(Image-caption web data)
● ● ●

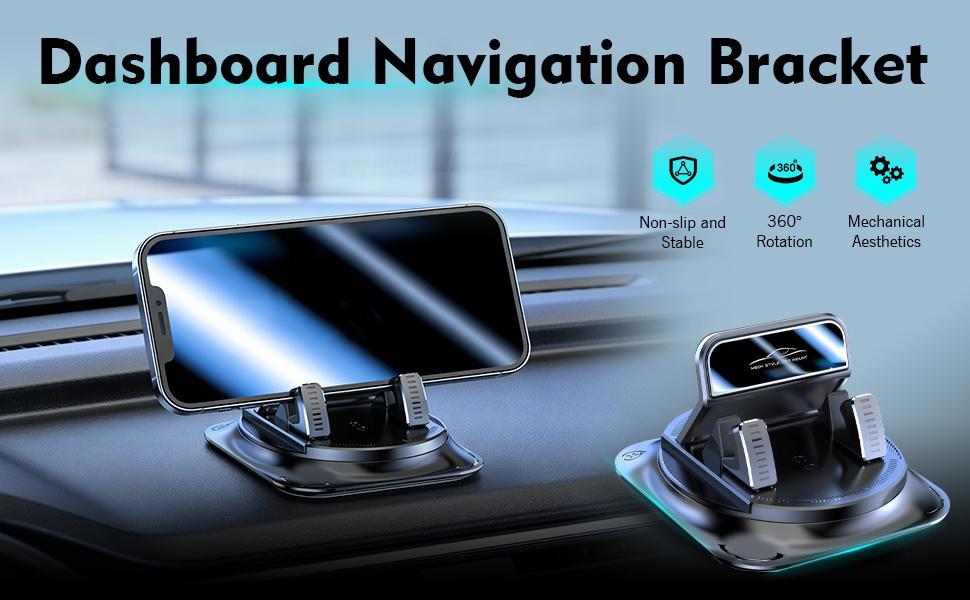 Car Dashboard Phone Holder with Rotating One-Hand Operation Bracket, Auto-Locking Secure Navigation Stand, Anti-Slip Base, Waterproof Easy Clean Mount for Most Phones and Devices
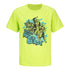 Youth Unleash the Beast Graffiti T-Shirt in Lime Shock - Front View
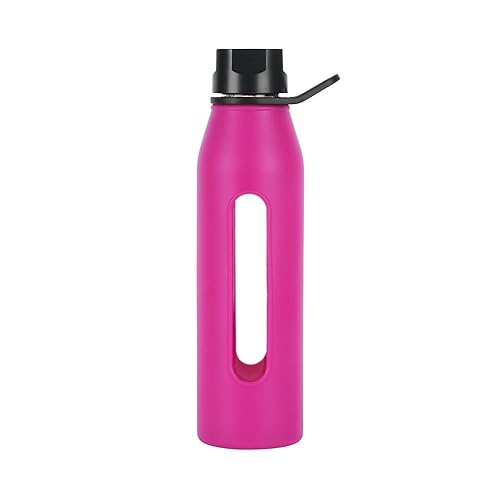 Takeya 22 Ounce Classic Glass Water Bottle with Silicone Sleeve and Twist Cap, Fuchsia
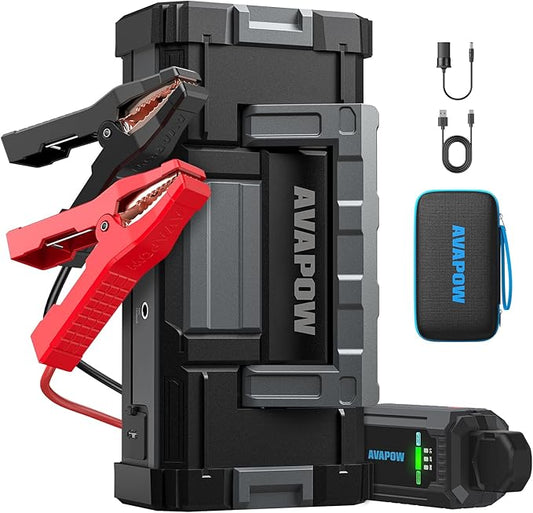 AVAPOW 6000A Car Battery Jump Starter Portable (12V DC Output for All Gas or up to 12L Diesel), Jump Box for Car Battery with USB3.0 Power Bank, Jump Pack with SOS Bright Light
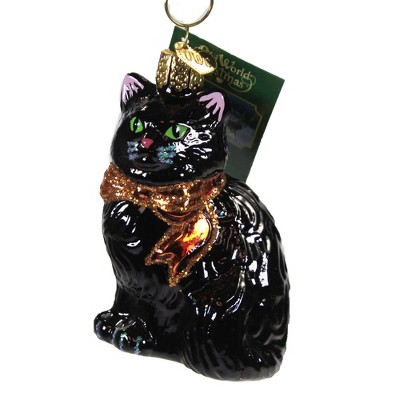 Old World Christmas 3.5" Halloween Kitty Black Cat Spooky  -  Tree Ornaments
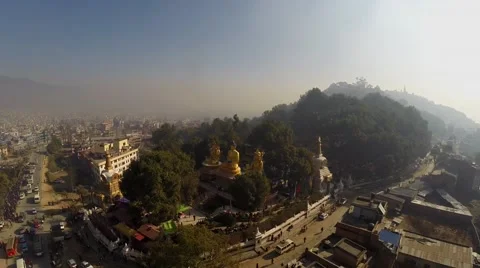 Aerial of a Buddhist temple Stock Footage 65775498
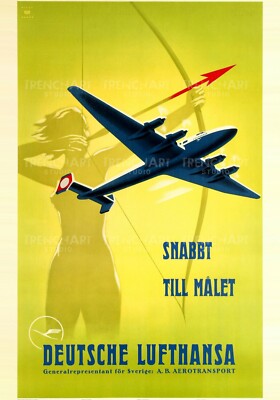 Travel Poster Deutsche Lufthansa Pin Up Art Deco Advertising German Flying Plane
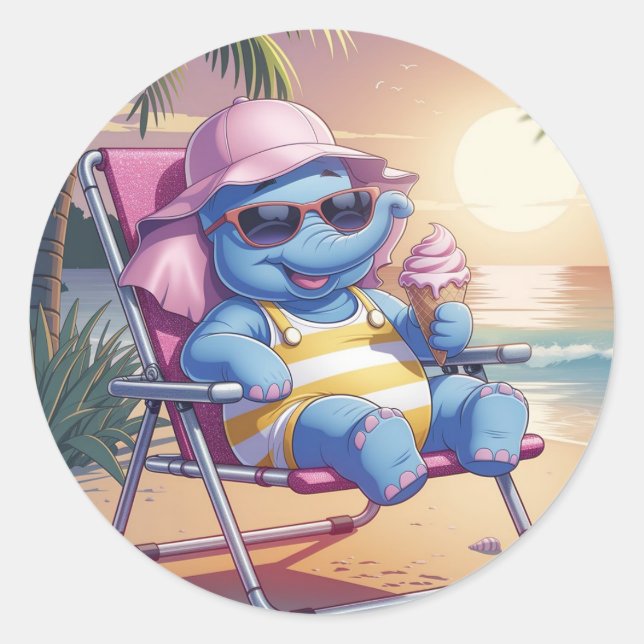 Elephant eating summer ice-cream  classic round sticker (Front)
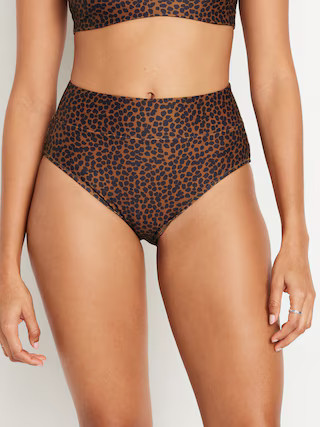 Banded High-Waist Bikini Swim Bottoms | Old Navy (US)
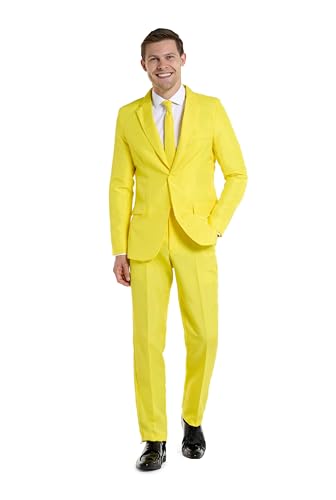 Offstream Plain Colored Suits for Men – Costumes Include Jacket Pants and Tie, L, Plain Yellow von OFFSTREAM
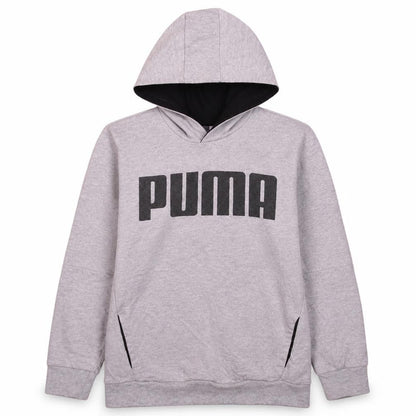 Puma Teens Grey Pullover Hoodie L Graphic Logo Cotton Blend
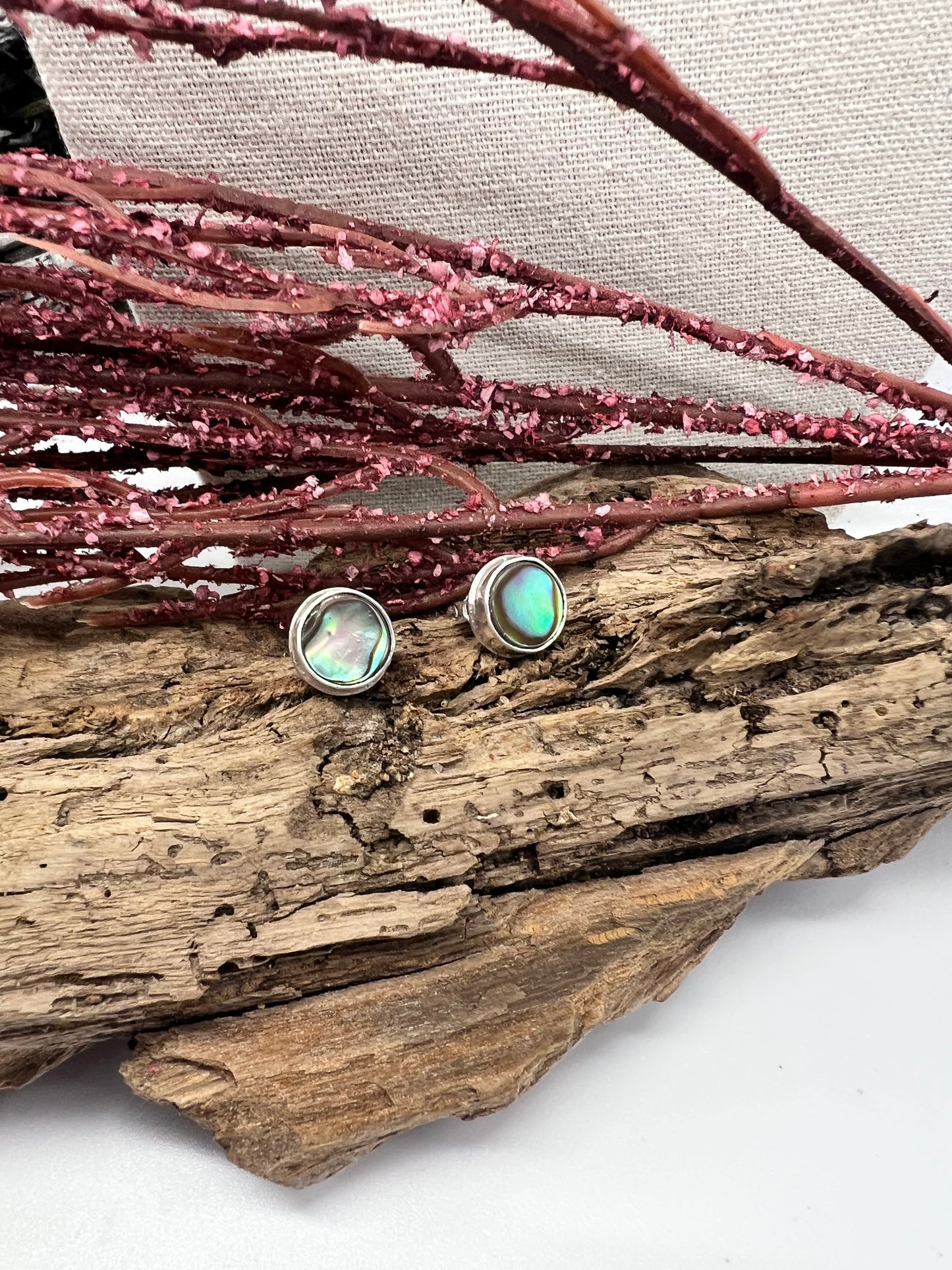 Abalone Round Everyday Studs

● ● ●

Lines from the one holding "Youth Unleash the" to the end of the data, both ends included, are to be given again exactly; no pictures belong in the copy.

■ **RESULT**:
 Youth Unleash the Beast Graffiti T-Shirt in Lime Shock - Front View
 Takeya 22 Ounce Classic Glass Water Bottle with Silicone Sleeve and Twist Cap, Fuchsia
 AVAPOW 6000A Car Battery Jump Starter Portable (12V DC Output for All Gas or up to 12L Diesel), Jump Box for Car Battery with USB3.0 Power Bank, Jump Pack with SOS Bright Light
 Old World Christmas 3.5" Halloween Kitty Black Cat Spooky  -  Tree Ornaments
 Aerial of a Buddhist temple Stock Footage 65775498
 Travel Poster Deutsche Lufthansa Pin Up Art Deco Advertising German Flying Plane
 Elephant eating summer ice-cream  classic round sticker (Front)
 Banded High-Waist Bikini Swim Bottoms | Old Navy (US)
 Offstream Plain Colored Suits for Men – Costumes Include Jacket Pants and Tie, L, Plain Yellow von OFFSTREAM
 Puma Teens Grey Pullover Hoodie L Graphic Logo Cotton Blend
 Abalone Round Everyday Studs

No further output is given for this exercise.